> [DATA SEGMENT]:
————————

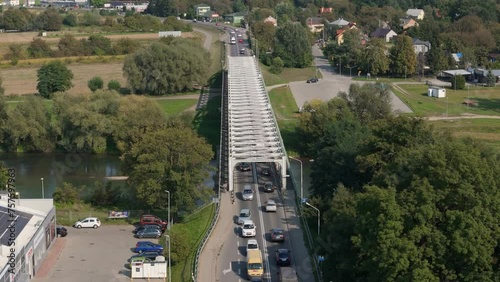 Beautiful Landscape Bridge River San Jaroslaw Aerial View Poland photo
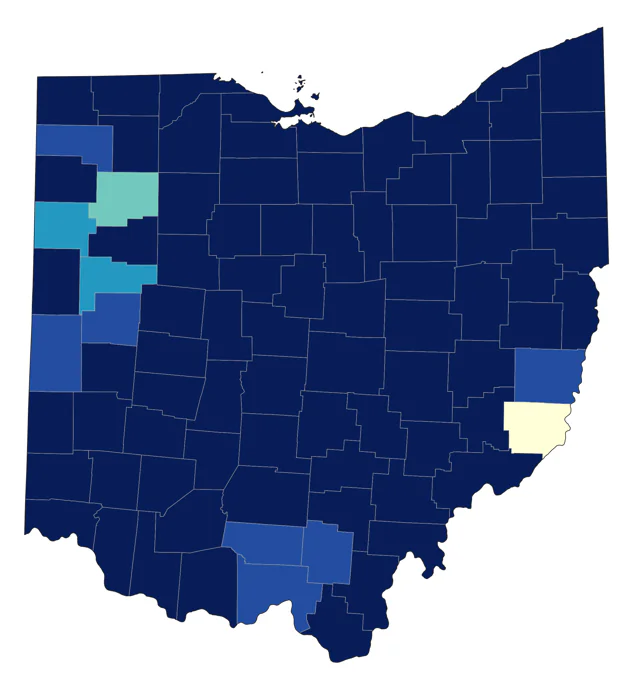 Green-winged Teal county map
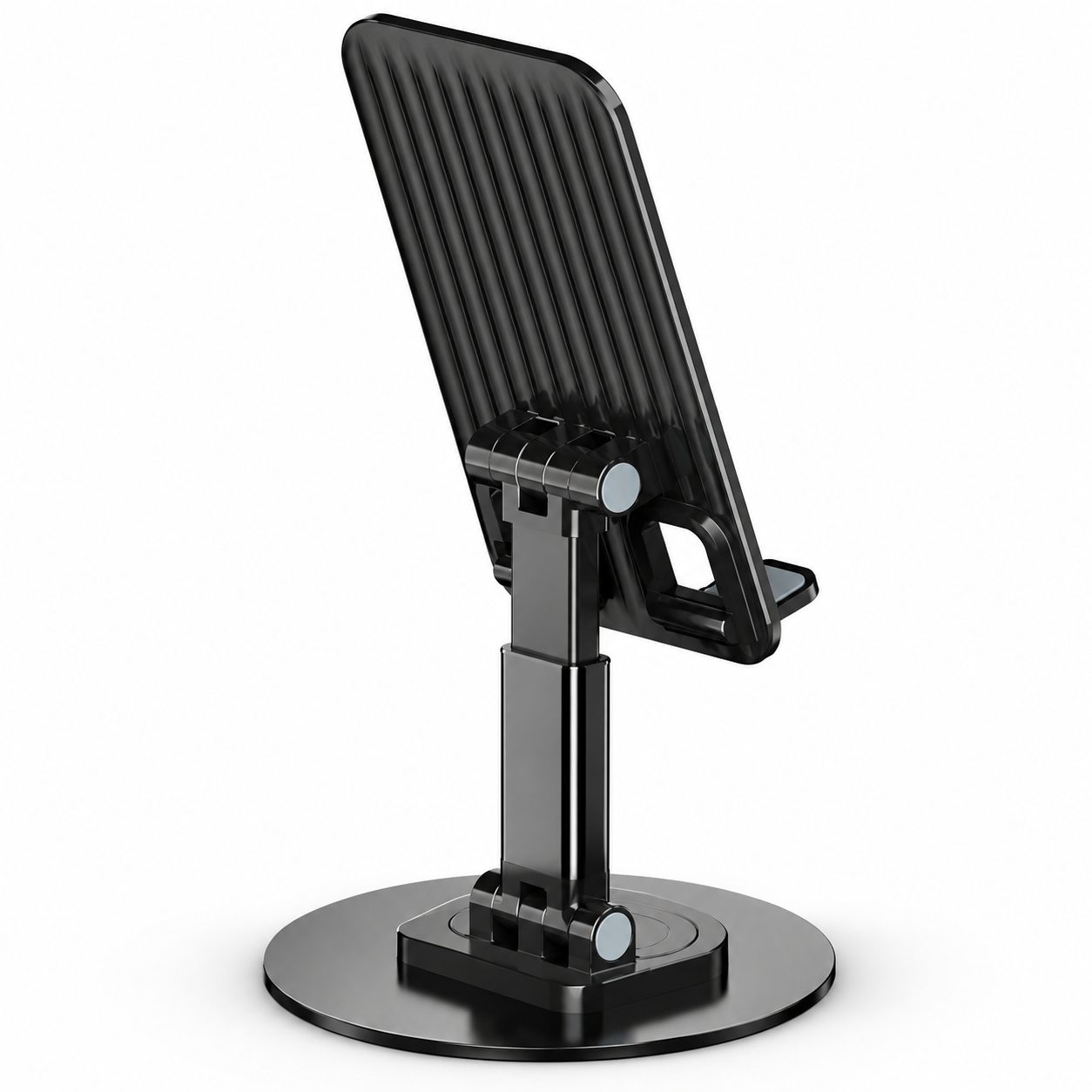 Suport de Birou pentru Telefon si Tableta, Flippy, Rotativ 360°, Pliabil, Metal, Inaltime Reglabila 17x19.5 cm, Negru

————————

Pictures aside, the material must be written out word for word.

> [PROBLEM SOLUTION]:
 Beautiful Landscape Bridge River San Jaroslaw Aerial View Poland photo
 Green-winged Teal county map
 Suport de Birou pentru Telefon si Tableta, Flippy, Rotativ 360°, Pliabil, Metal, Inaltime Reglabila 17x19.5 cm, Negru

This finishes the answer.